Matus UHLAR - fantomas wrote:
On 06.08.09 15:37, Marc Perkel wrote:
  
This might be an advanced concept for you but what I meant was -  
deliberately send spam. Everyone doing sender verification is someone  
who is trying to BLOCK spam, and therefore are the good guys. I also  
track SAV calls and I use it as a WHITE list.
    

How do you differ between people doing SAV and people sending backscatter?
  
The backscatter list mixes these so it mixes SAV with people who have poorly configured rejection system. SAV doesn't go into the DATA phase so if they do QUIT without DATA then it's SAV. And if they are doing SAV then they are one of the good guys and get, in my system, NOBL listed. NOBL means don't blacklist.
The whole point of using backscatterer BL was to block bounces from machines
that send much of them, e. g. are using accept-then-bounce method.
(well, someone may want to block all mail from such machines)

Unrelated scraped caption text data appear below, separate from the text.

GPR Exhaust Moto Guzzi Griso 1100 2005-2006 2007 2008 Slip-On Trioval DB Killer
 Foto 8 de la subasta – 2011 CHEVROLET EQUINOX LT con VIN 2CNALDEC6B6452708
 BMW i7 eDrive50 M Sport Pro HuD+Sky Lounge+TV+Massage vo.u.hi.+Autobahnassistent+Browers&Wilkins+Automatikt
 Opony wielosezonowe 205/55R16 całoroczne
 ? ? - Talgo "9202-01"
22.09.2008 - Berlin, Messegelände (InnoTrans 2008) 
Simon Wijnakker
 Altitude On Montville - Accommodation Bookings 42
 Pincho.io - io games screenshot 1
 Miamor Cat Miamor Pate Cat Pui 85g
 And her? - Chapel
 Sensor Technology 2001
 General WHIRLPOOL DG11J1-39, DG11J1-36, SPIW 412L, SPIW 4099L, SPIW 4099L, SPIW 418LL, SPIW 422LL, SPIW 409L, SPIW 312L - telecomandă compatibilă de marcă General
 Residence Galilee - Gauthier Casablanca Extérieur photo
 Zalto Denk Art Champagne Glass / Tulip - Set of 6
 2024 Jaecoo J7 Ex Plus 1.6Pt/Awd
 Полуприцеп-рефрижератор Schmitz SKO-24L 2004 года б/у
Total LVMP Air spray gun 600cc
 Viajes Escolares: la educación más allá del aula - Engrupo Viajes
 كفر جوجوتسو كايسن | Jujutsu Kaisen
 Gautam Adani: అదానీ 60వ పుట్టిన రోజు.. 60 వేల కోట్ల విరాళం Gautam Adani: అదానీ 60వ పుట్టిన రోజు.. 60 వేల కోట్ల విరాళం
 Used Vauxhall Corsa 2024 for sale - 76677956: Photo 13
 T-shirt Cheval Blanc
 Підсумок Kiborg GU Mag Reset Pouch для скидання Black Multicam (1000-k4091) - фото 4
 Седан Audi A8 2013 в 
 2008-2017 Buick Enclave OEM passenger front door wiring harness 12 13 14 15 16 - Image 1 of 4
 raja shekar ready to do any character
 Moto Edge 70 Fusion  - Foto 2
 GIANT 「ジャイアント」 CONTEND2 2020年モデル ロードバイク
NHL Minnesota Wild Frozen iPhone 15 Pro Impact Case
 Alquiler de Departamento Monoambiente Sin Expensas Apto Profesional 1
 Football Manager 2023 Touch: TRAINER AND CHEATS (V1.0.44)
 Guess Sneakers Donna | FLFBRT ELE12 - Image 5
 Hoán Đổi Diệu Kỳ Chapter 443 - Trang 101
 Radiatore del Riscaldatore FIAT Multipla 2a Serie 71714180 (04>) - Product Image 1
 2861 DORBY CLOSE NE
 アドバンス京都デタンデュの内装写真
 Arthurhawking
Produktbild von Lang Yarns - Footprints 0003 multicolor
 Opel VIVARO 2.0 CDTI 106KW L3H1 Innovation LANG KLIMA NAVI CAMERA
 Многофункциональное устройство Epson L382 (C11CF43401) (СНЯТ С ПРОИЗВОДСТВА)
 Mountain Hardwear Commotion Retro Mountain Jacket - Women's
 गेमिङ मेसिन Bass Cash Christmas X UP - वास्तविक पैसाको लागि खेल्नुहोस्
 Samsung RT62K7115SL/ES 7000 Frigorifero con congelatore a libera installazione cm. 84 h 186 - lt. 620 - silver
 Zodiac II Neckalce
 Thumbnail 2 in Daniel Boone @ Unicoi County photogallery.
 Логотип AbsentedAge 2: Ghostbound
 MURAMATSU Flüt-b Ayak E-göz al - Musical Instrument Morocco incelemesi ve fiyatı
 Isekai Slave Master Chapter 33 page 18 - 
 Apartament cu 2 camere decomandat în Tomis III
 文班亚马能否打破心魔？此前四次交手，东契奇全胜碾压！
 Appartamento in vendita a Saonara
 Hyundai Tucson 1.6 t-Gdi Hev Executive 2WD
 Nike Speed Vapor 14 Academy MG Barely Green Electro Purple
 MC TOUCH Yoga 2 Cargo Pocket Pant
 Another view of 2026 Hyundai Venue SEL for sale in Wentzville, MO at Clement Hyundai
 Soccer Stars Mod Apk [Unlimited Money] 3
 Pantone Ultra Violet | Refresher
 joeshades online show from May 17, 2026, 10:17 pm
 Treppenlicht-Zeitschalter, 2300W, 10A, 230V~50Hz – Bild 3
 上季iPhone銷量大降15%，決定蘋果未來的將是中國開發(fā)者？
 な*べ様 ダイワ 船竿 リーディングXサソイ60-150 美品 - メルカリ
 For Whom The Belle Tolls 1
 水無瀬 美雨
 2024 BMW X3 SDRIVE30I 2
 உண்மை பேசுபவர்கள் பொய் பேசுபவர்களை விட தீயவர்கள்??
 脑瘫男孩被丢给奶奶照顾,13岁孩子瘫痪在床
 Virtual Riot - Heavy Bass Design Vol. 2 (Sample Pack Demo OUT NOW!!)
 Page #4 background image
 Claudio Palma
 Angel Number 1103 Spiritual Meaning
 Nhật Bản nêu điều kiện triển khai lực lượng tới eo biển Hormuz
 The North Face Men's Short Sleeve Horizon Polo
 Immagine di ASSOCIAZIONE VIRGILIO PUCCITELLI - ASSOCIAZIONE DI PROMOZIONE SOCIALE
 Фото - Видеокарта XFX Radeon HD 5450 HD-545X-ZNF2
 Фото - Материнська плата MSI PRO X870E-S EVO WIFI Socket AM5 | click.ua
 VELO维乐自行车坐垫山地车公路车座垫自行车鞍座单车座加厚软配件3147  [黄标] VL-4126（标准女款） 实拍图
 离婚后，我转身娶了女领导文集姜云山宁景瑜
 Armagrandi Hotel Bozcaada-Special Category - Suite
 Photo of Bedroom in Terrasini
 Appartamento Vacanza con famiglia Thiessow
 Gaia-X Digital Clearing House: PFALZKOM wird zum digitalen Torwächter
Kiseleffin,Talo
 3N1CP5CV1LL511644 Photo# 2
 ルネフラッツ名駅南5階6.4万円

Do you say that backscatterer list contains IPs of servers that do _not_
send backscatter but are doing SAV? Do you have any proofs about that?

I hope those "good" SAV users are also using some good filtering policy
(reject machines w/o DNS, machines in blacklists, SPF fails) before they are
doing SAV, otherwise they just DoS the victims...

  

Actually the history of the backscatter list is that UCEprotect had them in their regular black list and do to pressure and complaints and false positives they separated them out. Their UCEProtect lists are better but still have a lot of false positives. But separating them was a move forward.

What they should do is return different codes to indicate what got them on the list. SAV is not backscatter. So if it is from <> and there is DATA then it's someone who is sending bad bounce messages to faked sender addresses. But if there is nod DATA then it's SAV. These should be processed separately.